Sur les plans politiques et économiques, la Turquie est dans une situation plus stable qu'il y a quelques années.

La victoire de l'AKP permet au gouvernement de disposer d'une majorité unie pour mener ses réformes, situation inédite depuis une quinzaine d'années. Son avènement est également le signe d'une réelle évolution de la société et de la scène politique turques. Contrairement à certaines prévisions, l'AKP, dont l'hétérogénéité est réelle, a résisté à plusieurs crises. Cependant seuls les événements à venir permettront de confirmer sa solidité, la pérennité du leadership de Tayyip Erdoðan, son caractère modéré et libéral. Mais vraisemblablement, il provoquera la mise en place de nouveaux équilibres politiques et institutionnels, qui se conjugueront aux effets de l'application des normes juridiques et démocratiques européennes.

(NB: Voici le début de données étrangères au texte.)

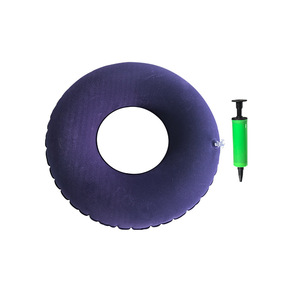 Anti Bedsore Hemorrhoid Seat Cushion Dark Blue Breathable Air <b>Pad</b> <b>For</b> Office Chair <b>Hips</b> Support Soft Firmness 262 - Product Image 1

Notamment, l'armée devrait voir son rôle décroître, en cas d'ouverture des négociations d'adhésion.

Sur le plan économique, la politique suivie et l'évolution de la conjoncture au cours des deux dernières années conduisent à penser que la Turquie est sur la voie de la stabilisation. D'importants efforts sont certes encore à accomplir pour rendre pérenne le mouvement de désendettement de l'État, les réformes structurelles, la baisse de l'inflation et des taux d'intérêts. Néanmoins la Turquie semble sortie du cercle vicieux dans lequel elle s'était enfermée et ce malgré la crise irakienne. L'enjeu est désormais de partager suffisamment les fruits de cet effort pour le rendre acceptable dans la durée à l'ensemble de la population. Il est évident que la perspective de l'adhésion à l'Union européenne constitue un facteur mobilisateur.

3. La Turquie, nécessaire partenaire de la reconstruction de l'Irak

Vos rapporteurs ont, en outre, acquis la conviction que la Turquie était un partenaire incontournable pour la reconstruction de l'Irak. Ayant refusé de participer au conflit, puis ayant renoncé, devant les réserves exprimées, à y envoyer des troupes, il est naturel qu'elle se sente directement concernée par la résolution d'une crise qui se déroule à ses frontières. Elle s'y implique d'ailleurs fortement par ses entreprises et ses organisations humanitaires.

La France qui a partagé avec la Turquie la plupart de ses analyses sur l'évolution de l'Irak, a tout intérêt à s'appuyer sur ce partenaire dans la perspective d'une implication directe à la reconstruction de l'Irak, à partir du moment où la souveraineté sera à nouveau dévolue aux Irakiens.

4. Une relation bilatérale à conforter

La relation bilatérale franco-turque est dense dans les domaines culturels et économiques. Ils doivent être confortés. Dans le domaine culturel, l'investissement français est important mais le « retour sur investissement » est également élevé. L'ancienneté et l'importance de nos liens nous permettent aussi de développer des partenariats qui n'existent pas ailleurs comme l'université francophone de Galatasaray et la fondation Tevfik Fikret. Ce sont des initiatives que nous devrions soutenir plus activement et si possible dupliquer dans d'autres pays.

Au niveau politique, il est désormais temps de rétablir une relation forte avec la Turquie, à tous les niveaux, pour préparer le rendez-vous européen de 2004 mais aussi pour que cette relation soit cohérente avec notre implication économique et culturelle dans ce pays. Vos rapporteurs avaient regretté qu'un groupe Turquie-France n'ait pas été constitué au Parlement turc, il a été créé depuis et son président s'est rendu récemment à Paris. Ils souhaitent donc que les liens entre le Sénat et le Parlement turc s'amplifient à l'avenir.